The Divorce Reform Act of 1969 allowed couples to divorce without having to prove fault – instead they could legally split if they had been separated for two years or more.
The divorce rate increased from 5.9 divorces per 1,000 couples in 1971 to 9.5 in 1972. Divorce rates continued to increase during the 1970s and peaked during the 1990s, at a high of 14.2 splits per 1,000 couples in 1994.
Witnessing people close to you going through such domestic trauma can have a significant deterrent impact when it comes to thinking about one’s own circumstances
Lawyer Alice Couriel
The figures suggest that this spate of divorces had a long-term effect on those who lived through it, particularly the children of the first wave of "seventies splitters".
Professor Ann Buchanan, of Oxford University, is a former social worker who researches the effects of divorce on children.
She said: “Divorce wasn’t so acceptable then so they would have been in their 20s and 30s and finding themselves a bit outside the norm.
“Bad experiences with divorce would certainly mean they were less likely to commit themselves,” she said. She added that her own research had shown that otherwise high-achieving young adults carried a strong sense of “sadness” about their parents’ divorces many years after they had taken place.
Debora Price, a professor of social gerontology at Manchester University, agreed that this spate of divorces “almost certainly had an effect”.
She said: "For the first time, lots of children were growing up in households where their parents had divorced.
“There is some suggestion that those children then did not see marriage as something they wanted to achieve.”
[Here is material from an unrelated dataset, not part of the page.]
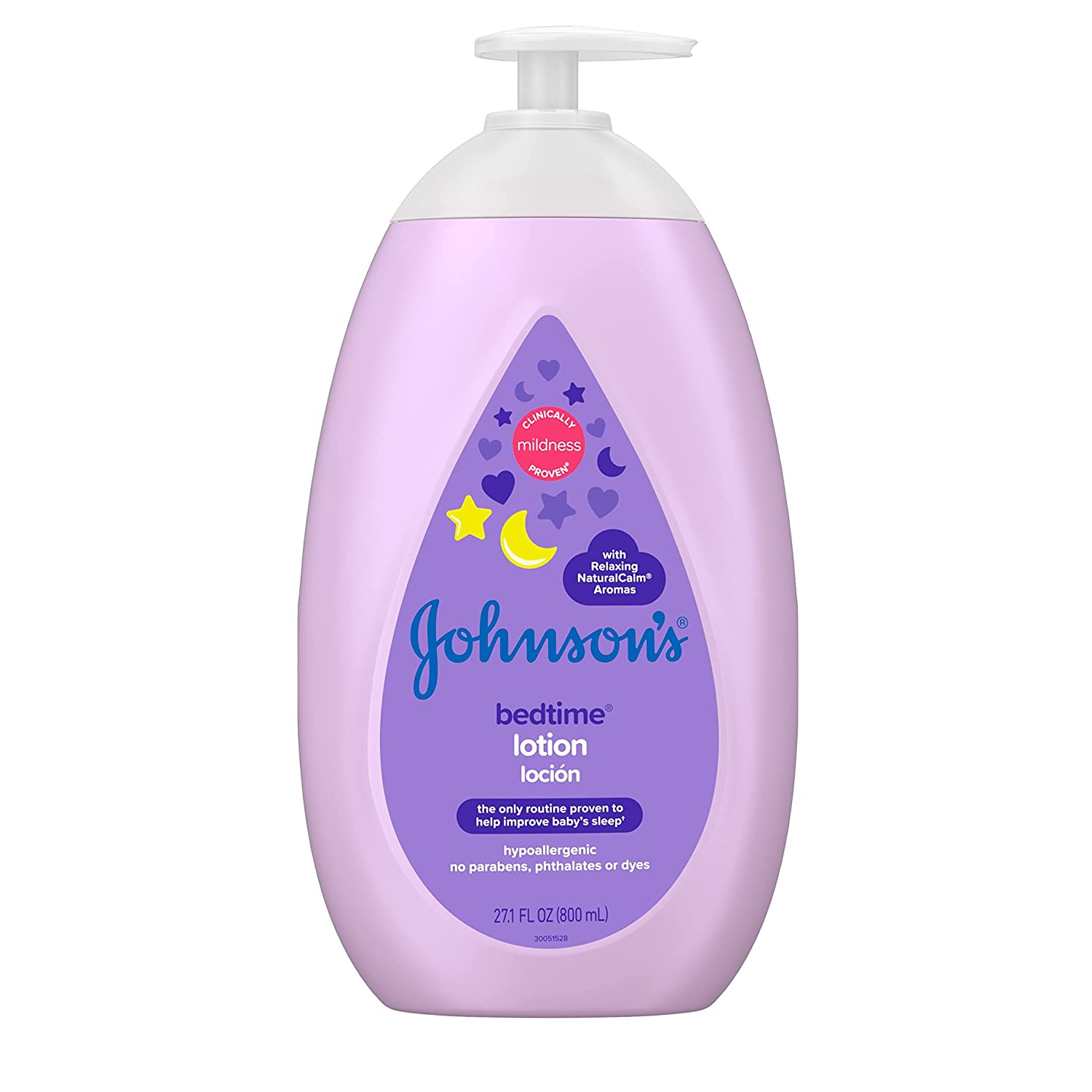 Dưỡng thể giữ ẩm da cho bé trước khi ngủ Johnson's Moisturizing Bedtime Baby Lotion 400ml/800ml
She said some children would have been so traumatised by living through difficult divorces that it would have put them off marriage for life.
However, others would have grown up with the idea that marriage was pointless because their parents had split so easily, she added.
“They may well have witnessed their parents being fine, and then having long-term partners which they did not marry,” she said.
Experts added that a growing number of older people are “living apart together” – in relationships which do not involve cohabiting or marriage.
Alice Couriel, a lawyer with Hall Brown Family Law, said clients who back out of marriage at the last minute have often been traumatised by second-hand experiences of others’ divorces.
She said: “Witnessing people close to you going through such domestic trauma can have a significant deterrent impact when it comes to thinking about one’s own circumstances.
“As a result, many men and women have naturally become more wary about situations which may compromise their own sense of stability and financial security.”
Research suggests that unmarried people are more likely to have health problems, leading to concerns that the growing population of older singletons could be costly for the NHS.
Official US Government research has found that never-married older people are more likely to struggle with health problems or poverty than married people.